About this task:
Only the lines from the one holding "Kit Upgrade AMD" through the end of the records below are to be reproduced exactly, and pictures are to be omitted.

·····

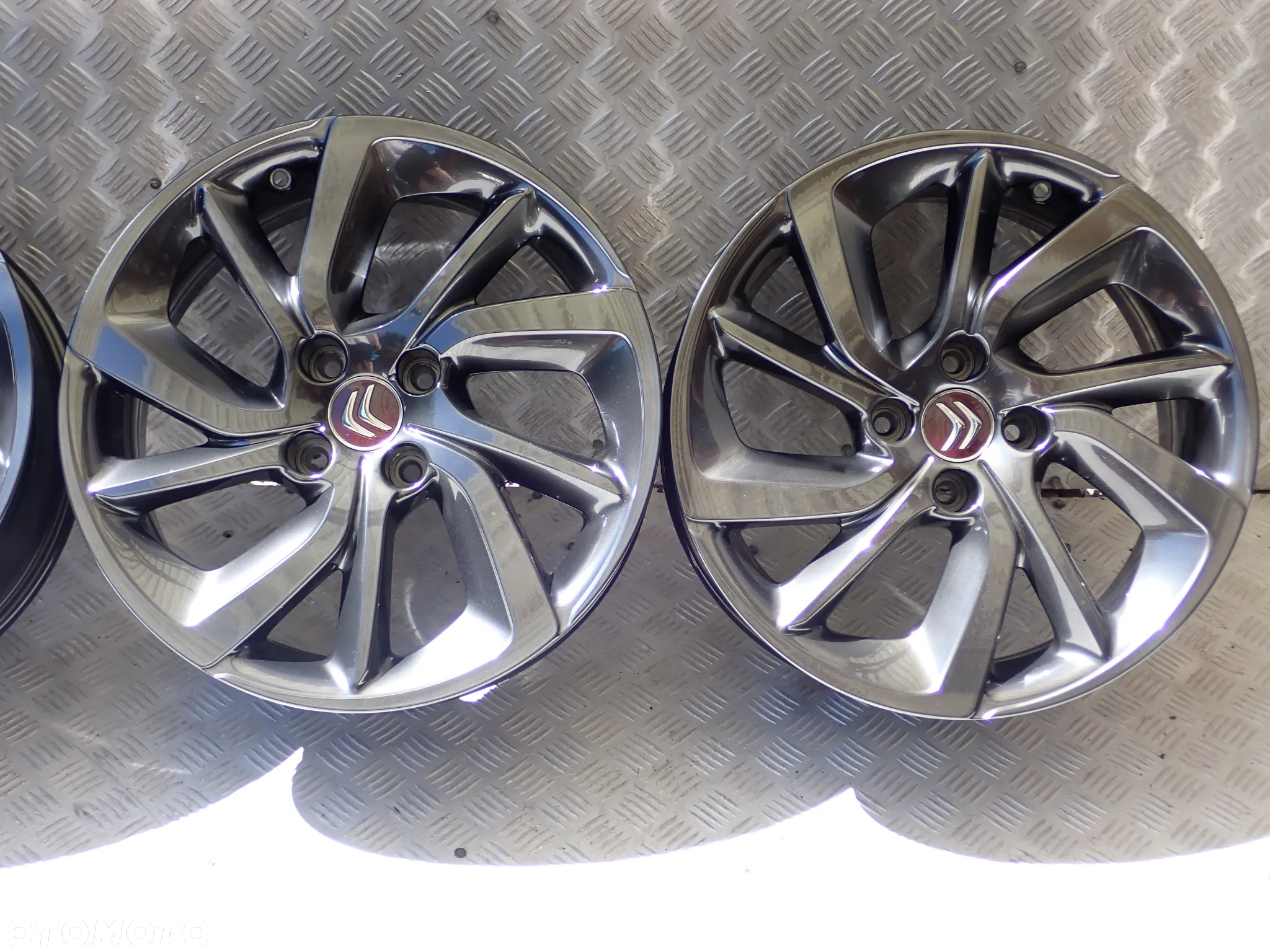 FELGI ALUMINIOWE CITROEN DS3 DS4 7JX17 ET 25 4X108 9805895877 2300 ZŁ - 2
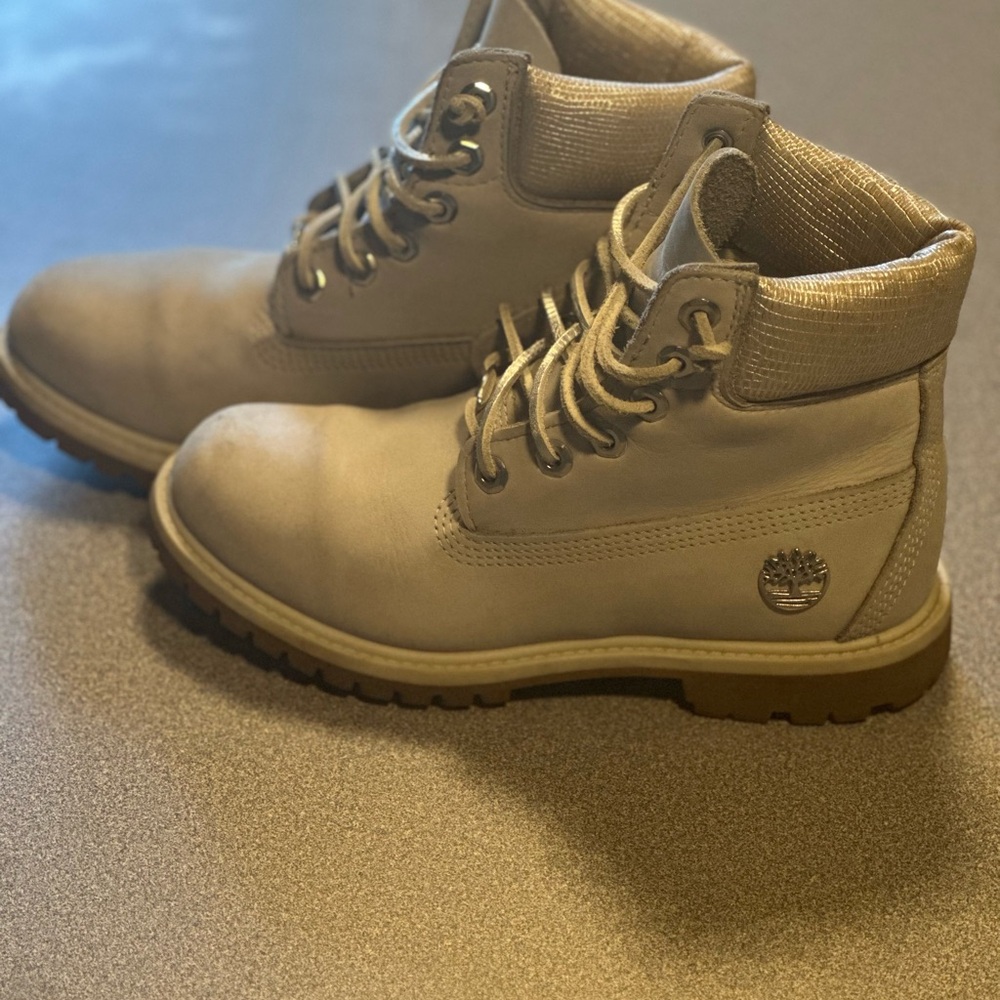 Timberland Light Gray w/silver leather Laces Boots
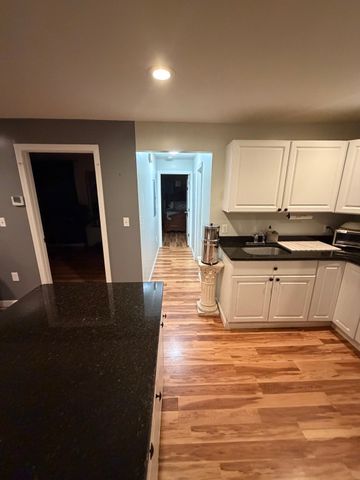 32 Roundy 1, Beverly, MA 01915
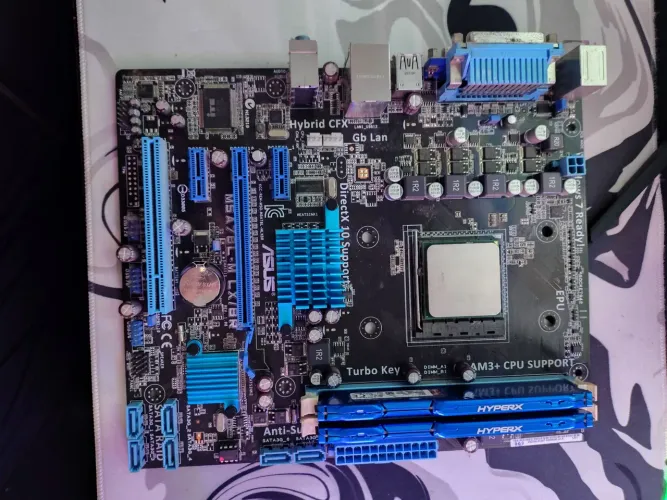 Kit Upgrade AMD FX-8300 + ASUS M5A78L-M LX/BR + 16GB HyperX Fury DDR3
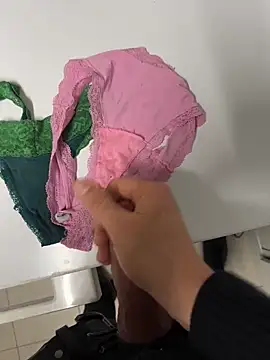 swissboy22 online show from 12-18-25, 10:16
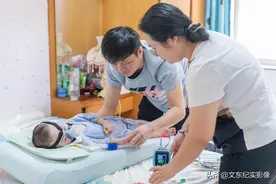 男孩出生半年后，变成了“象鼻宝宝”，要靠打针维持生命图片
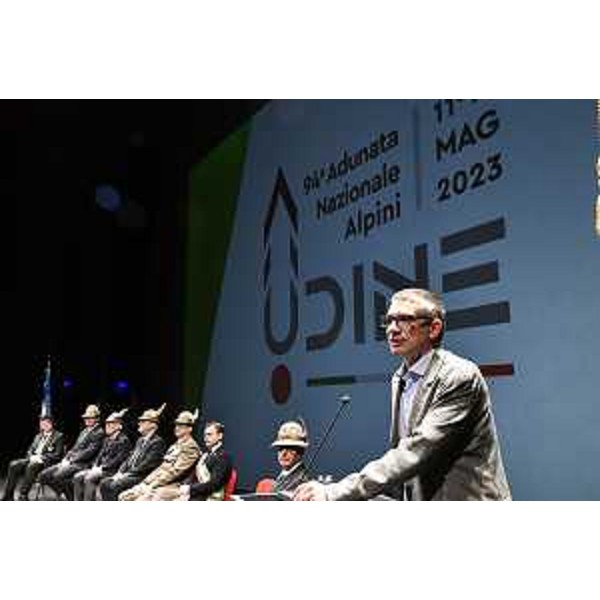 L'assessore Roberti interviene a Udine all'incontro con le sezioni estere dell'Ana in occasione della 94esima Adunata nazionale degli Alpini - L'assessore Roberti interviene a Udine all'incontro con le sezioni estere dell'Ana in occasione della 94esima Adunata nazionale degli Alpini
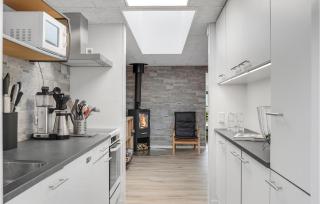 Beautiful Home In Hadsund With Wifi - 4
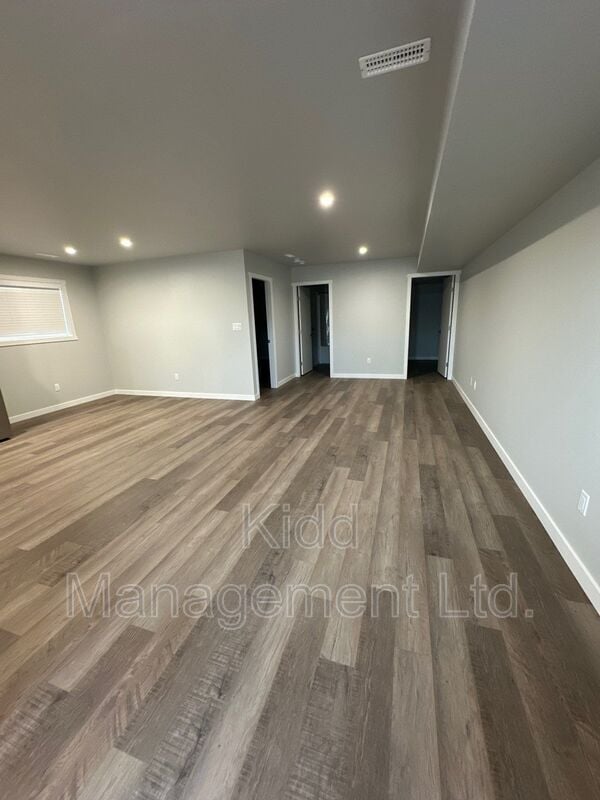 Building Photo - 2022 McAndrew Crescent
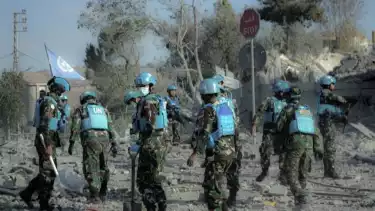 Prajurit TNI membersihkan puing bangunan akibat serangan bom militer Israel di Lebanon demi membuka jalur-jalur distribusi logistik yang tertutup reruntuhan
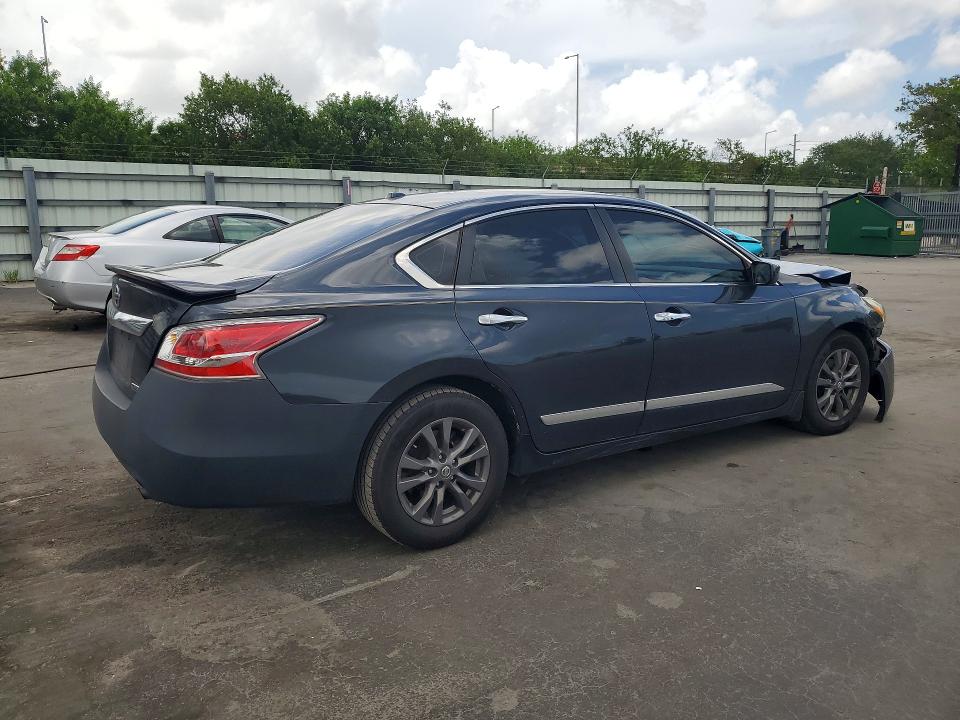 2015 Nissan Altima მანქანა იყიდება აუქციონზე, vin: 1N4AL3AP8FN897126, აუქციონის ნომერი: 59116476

·····

The answer:
 Kit Upgrade AMD FX-8300 + ASUS M5A78L-M LX/BR + 16GB HyperX Fury DDR3
 swissboy22 online show from 12-18-25, 10:16
 男孩出生半年后，变成了“象鼻宝宝”，要靠打针维持生命图片
 L'assessore Roberti interviene a Udine all'incontro con le sezioni estere dell'Ana in occasione della 94esima Adunata nazionale degli Alpini - L'assessore Roberti interviene a Udine all'incontro con le sezioni estere dell'Ana in occasione della 94esima Adunata nazionale degli Alpini
 Beautiful Home In Hadsund With Wifi - 4
 Building Photo - 2022 McAndrew Crescent
 Prajurit TNI membersihkan puing bangunan akibat serangan bom militer Israel di Lebanon demi membuka jalur-jalur distribusi logistik yang tertutup reruntuhan
 2015 Nissan Altima მანქანა იყიდება აუქციონზე, vin: 1N4AL3AP8FN897126, აუქციონის ნომერი: 59116476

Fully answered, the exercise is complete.